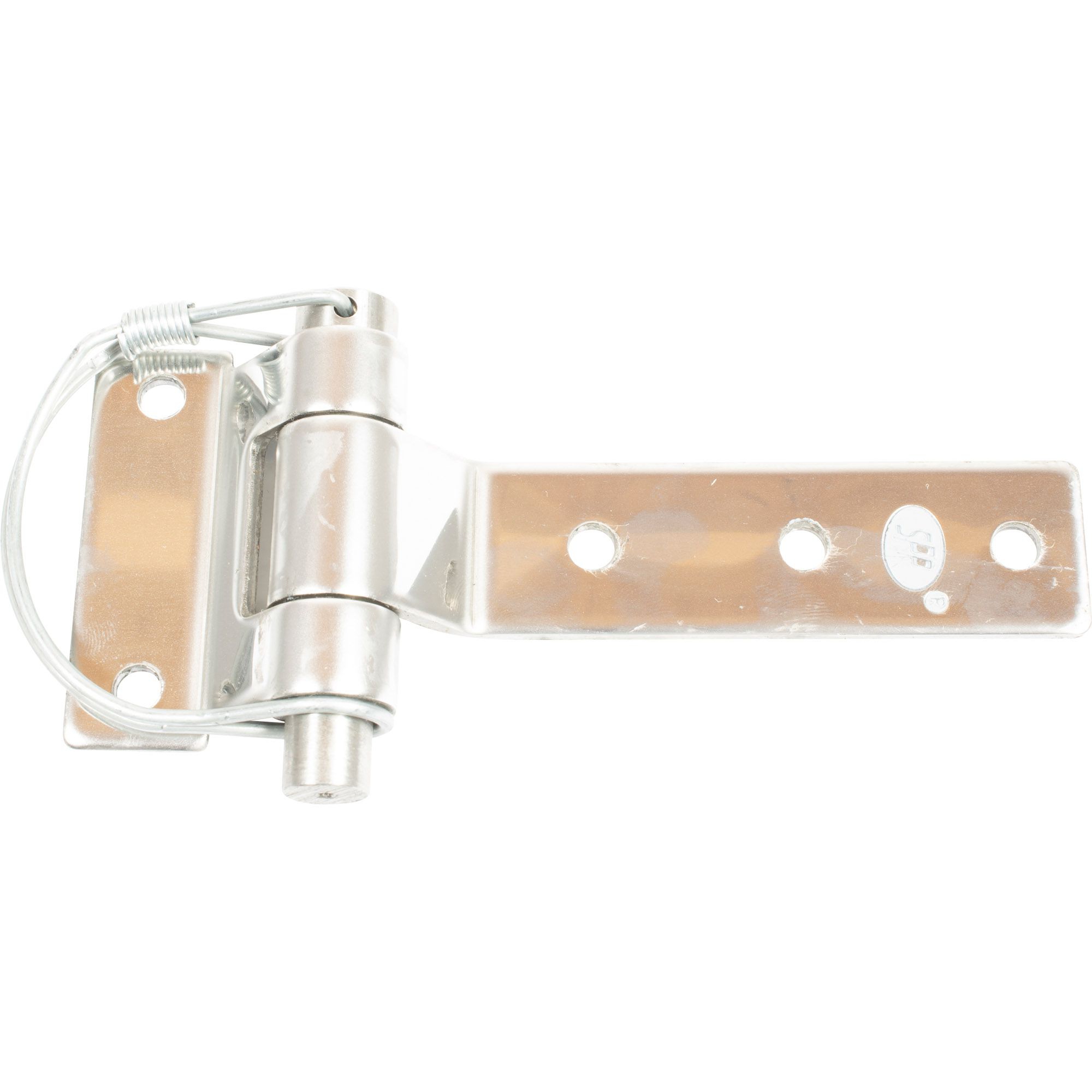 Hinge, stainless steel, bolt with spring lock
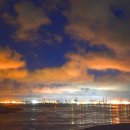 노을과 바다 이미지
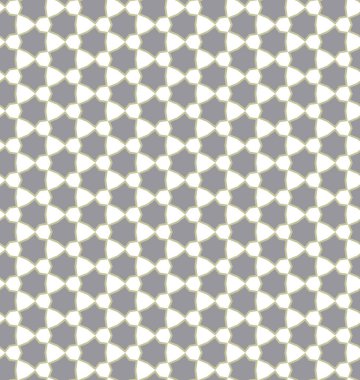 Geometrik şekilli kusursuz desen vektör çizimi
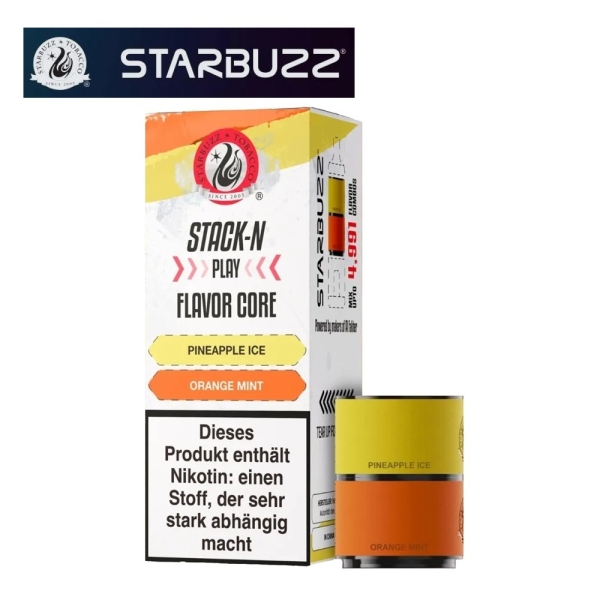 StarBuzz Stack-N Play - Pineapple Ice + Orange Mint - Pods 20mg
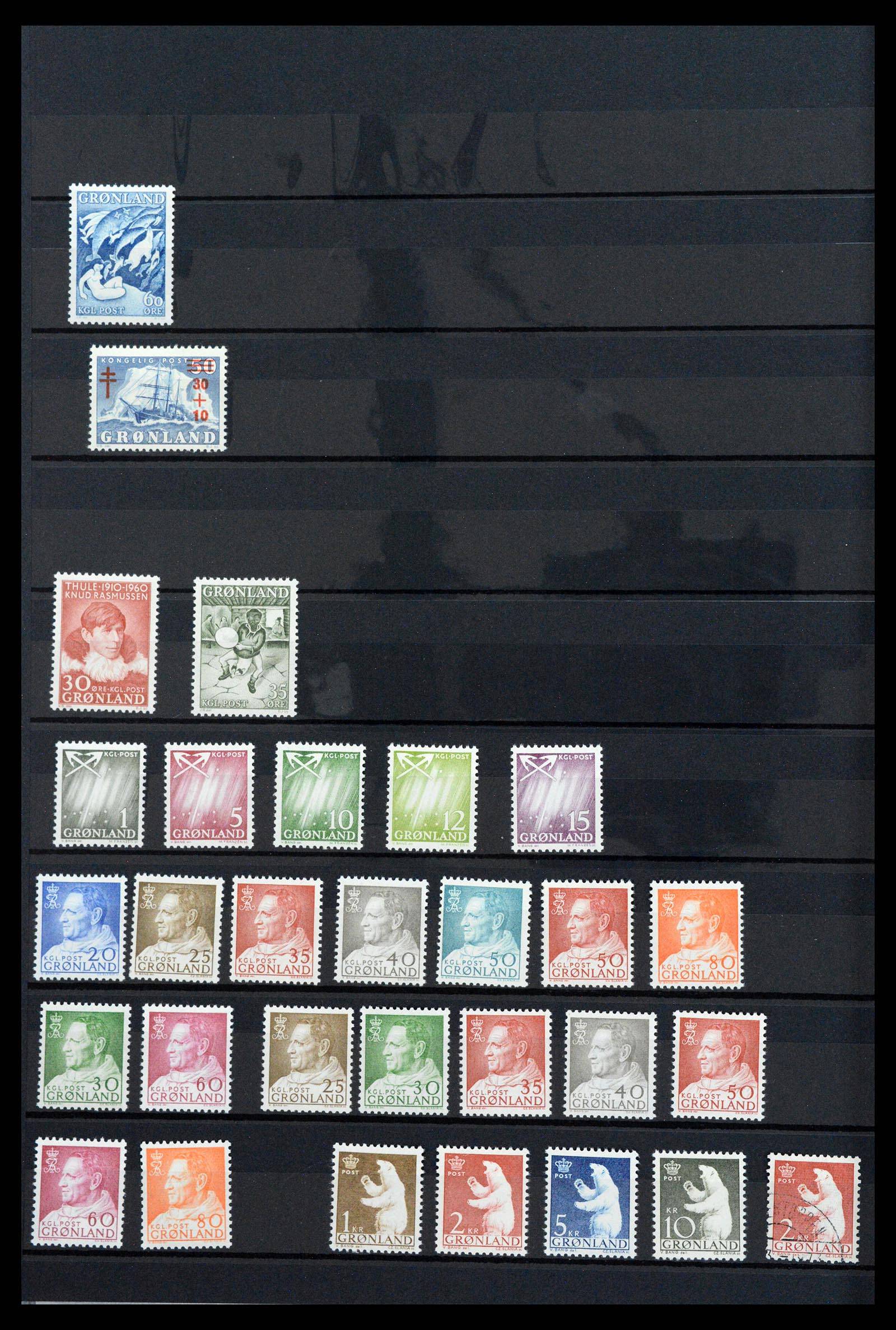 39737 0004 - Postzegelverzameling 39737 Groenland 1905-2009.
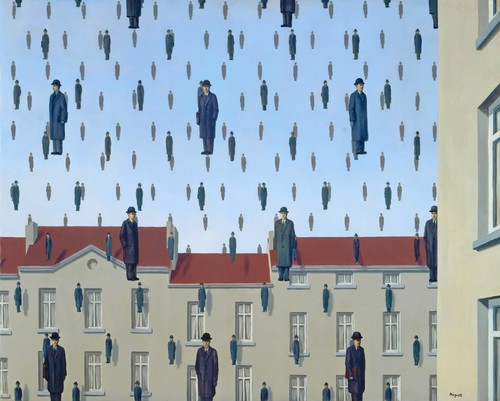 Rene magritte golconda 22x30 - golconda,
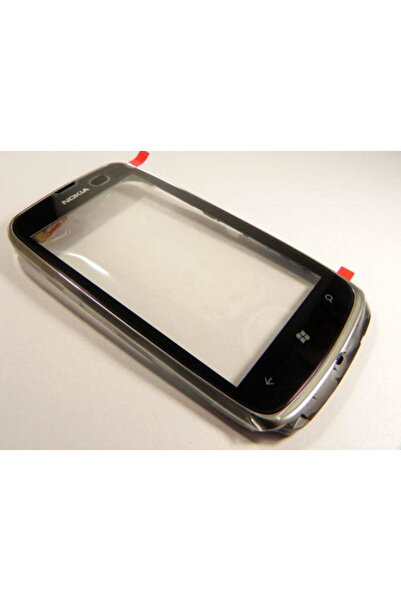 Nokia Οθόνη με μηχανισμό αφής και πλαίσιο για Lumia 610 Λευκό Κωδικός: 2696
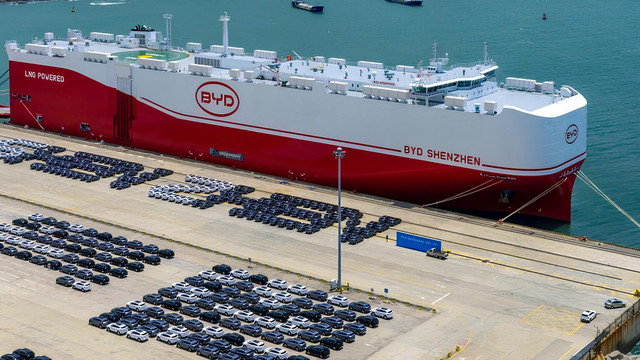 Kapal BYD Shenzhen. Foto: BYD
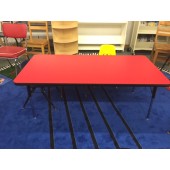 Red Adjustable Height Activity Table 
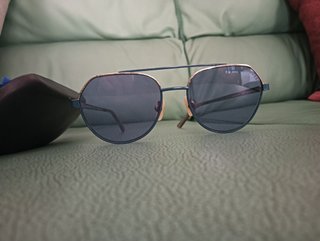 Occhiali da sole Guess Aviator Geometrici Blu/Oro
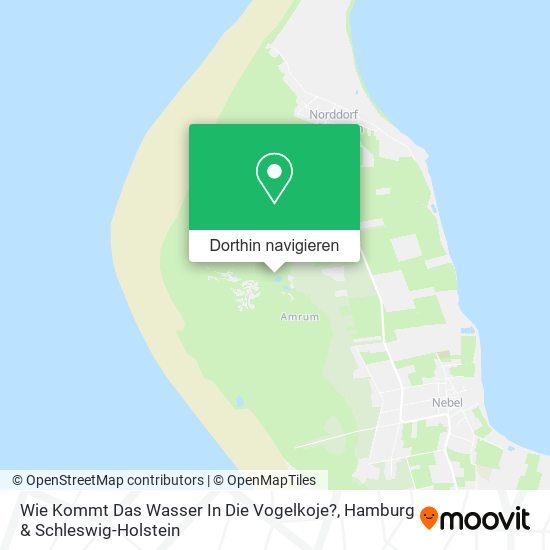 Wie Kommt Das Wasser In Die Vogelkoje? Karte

__________

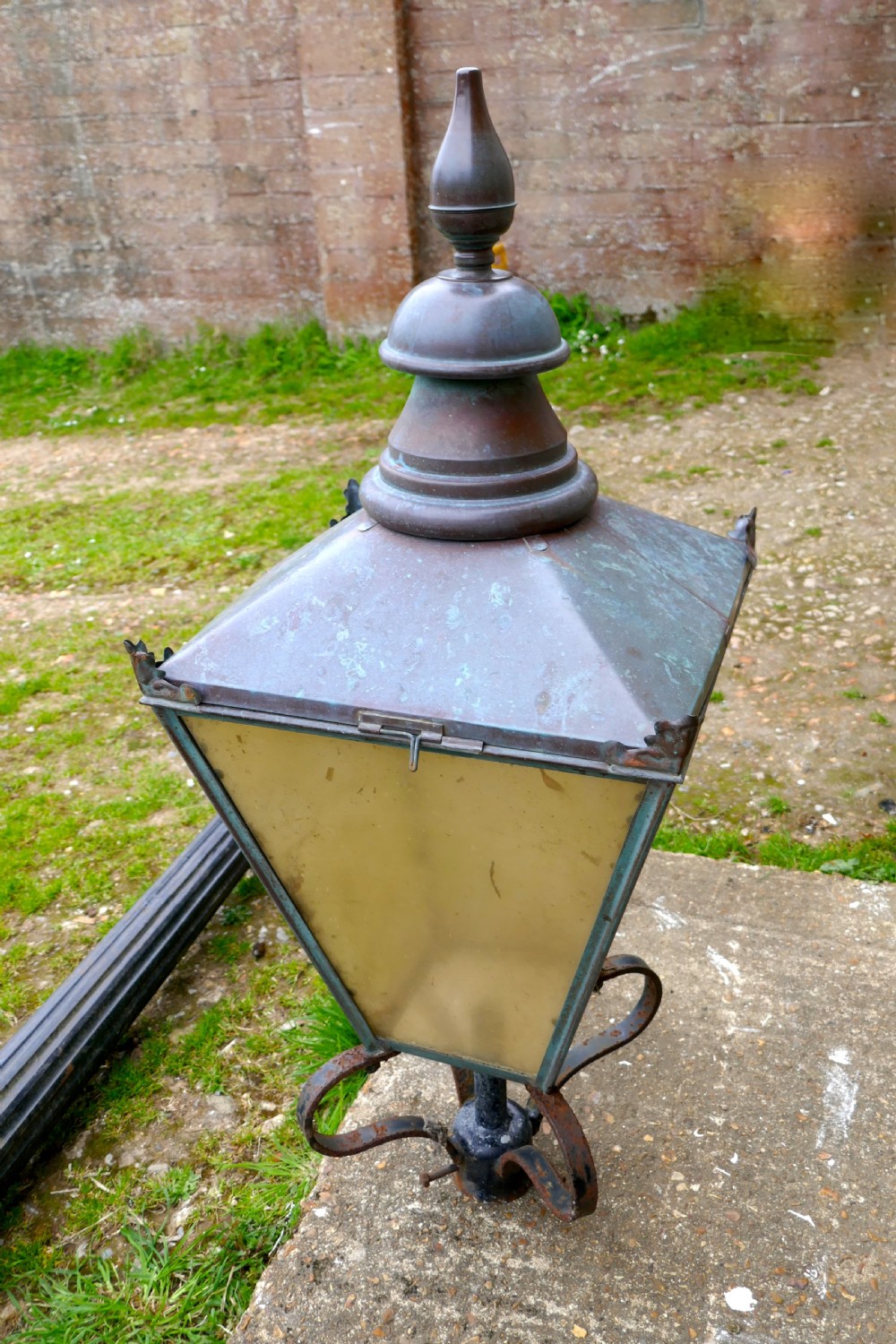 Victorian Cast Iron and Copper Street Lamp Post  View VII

__________

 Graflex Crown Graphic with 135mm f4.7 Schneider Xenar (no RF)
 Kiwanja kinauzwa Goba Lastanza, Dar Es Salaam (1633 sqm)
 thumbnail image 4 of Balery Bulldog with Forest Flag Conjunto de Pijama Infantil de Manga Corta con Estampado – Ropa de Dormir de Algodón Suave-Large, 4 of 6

__________

Take only the lines above from the one that has "StarBuzz Stack-N Play" through the one that has "Wie Kommt Das Wasser In Die Vogelkoje? Karte" and reproduce them exactly, omitting any pictures.

 StarBuzz Stack-N Play - Pineapple Ice + Orange Mint - Pods 20mg
 39737 0004 - Postzegelverzameling 39737 Groenland 1905-2009.
 Rene magritte golconda 22x30 - golconda,
 Nokia Οθόνη με μηχανισμό αφής και πλαίσιο για Lumia 610 Λευκό Κωδικός: 2696
 Kapal BYD Shenzhen. Foto: BYD
 Red Adjustable Height Activity Table 
 Occhiali da sole Guess Aviator Geometrici Blu/Oro
 Wie Kommt Das Wasser In Die Vogelkoje? Karte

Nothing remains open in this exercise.